There was a sharp glint in the king’s eye as he rounded on the Doctor. For the first time, the Time Lord noticed something very odd about the king's face. The expressions were… off, somehow, as though the king were an actor trying to replicate emotions as best he could. The eyes, that was it. They didn’t match the rest of the face.

That train of thought was abruptly interrupted when the king made an abrupt motion with his neck. “Take them,” he ordered, and suddenly the circle was awash with guards.

Jade backed away in horror, then spun and galloped away. The Doctor merely sighed and sat down, a small frown on his face as one armored hoof connected with the back of his head. Then, everything went white.


The Doctor winced, clutching at his head. The bright white room was not doing his hoof-induced headache any favors. Where was he?

Console. Round things. White. Ah.

“This dream again?” he wondered aloud. “Is this going to happen every time I get knocked out? That could get tedious.”
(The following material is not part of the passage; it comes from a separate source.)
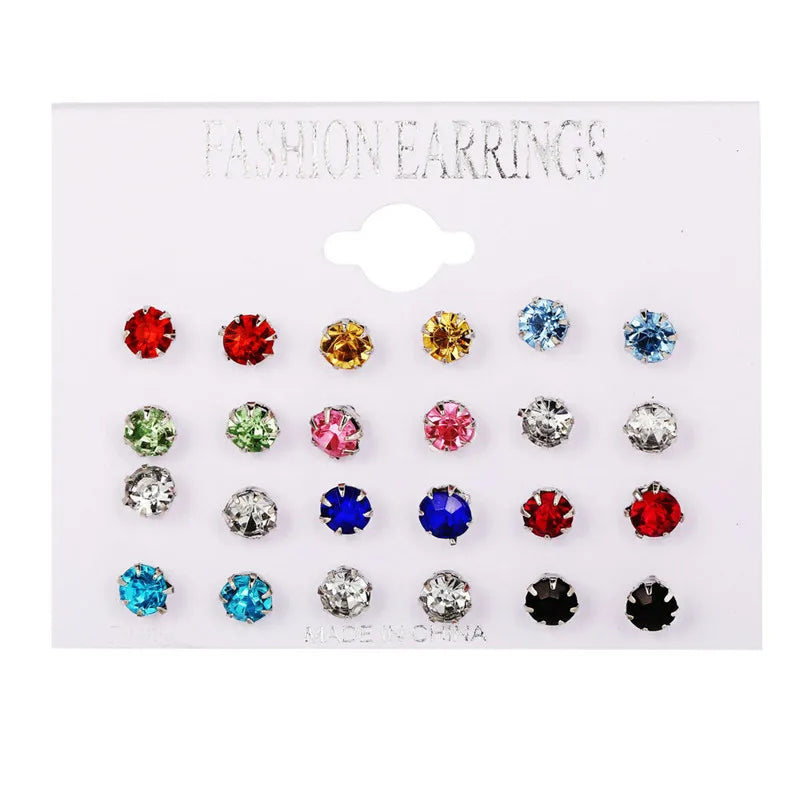 9 Pairs/Set Simulated Pearl Stud Earrings Women Flower Piercing Earring Set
He glanced up. There was still no door to the outside world. On the other hoof, this was only a dream.

Only a dream, Doctor?

The Time Lord rolled his eyes. “Oh, get Grandfathered,” he said flatly. “You didn’t get me in my sixth incarnation, and you certainly can’t mold me into your image in the one regeneration you’ve got left. Don’t you get it? You’ve lost. All you can do is meddle in my dreams, and you’re even more hopeless at that than you were at law. You’re lost potential, a cut chapter, regeneration-X.” He felt immensely satisfied with that pun. “I don’t plan to go up in golden flame again anytime soon, but when I do, it won’t be to turn into you, Scrapyard. Leave my mind before I make you leave.”

The white stallion appeared out of nowhere, not quite popping into existence, but rather suddenly allowing himself to be seen where the Doctor realized that he had been standing all along. He was a pegasus, this time. “Dreams, Doctor, are far more than phantasmic imaginings. They are, rather, a window into the psyche, a—”

“Don’t care.”

The Valeyard’s smile faded slightly. “Dreams can open doors to the most unimaginable, unbearable—”

“Still don’t care.’

The white pegasus scowled. “This is not a dream! It is a nightmare, Doctor. Your worst nightmare!”

The Doctor looked decidedly unimpressed. “You know, you haven’t got any less dramatic since the trial?”

The TARDIS suddenly flickered and faded, leaving the two in near-perfect darkness. “Odd coincidence, isn’t it,” the Valeyard murmured. “Your precious box has been misfiring more and more often, lately, leaving you stranded in dreadful situations quite away from where you had intended. At the same time, a certain Time Lord foe turns up to meddle with your mind. I wonder what the connection might be?”

The Doctor stiffened. “What did you do to my ship.”

The Valeyard’s scowl twisted into a smirk. “My ship as well, I think you’ll find. Tricky to get her to do anything, really, but I’ll manage in the end.”

“That turbulence.”

“All me, yes.”

“The burnt out crystal was you as well.”

“Quite.”

“Why? If I die, that’s the end of you as well.”

“If you die, yes. But, oh, Doctor, your weak point has always been so very very obvious. I don’t want to kill you. Your companions, on the other hand… beg pardon, other hoof.”

The Doctor’s face froze. “Don’t you dare.” His voice was the north wind.

The Valeyard’s smirk bloomed. “Or what? You’ll kill me? Destroy me, annihilate my planet? Exterminate? What, Doctor? What will you do to me that you haven’t already done to yourself, and oh so many others? Go on, I’m genuinely curious.”

The tan stallion said nothing, merely glaring at his alter-ego. The Valeyard smiled. “I’ll see you soon, Doctor. You and your friends.” And then he was gone, leaving the Doctor alone in the void.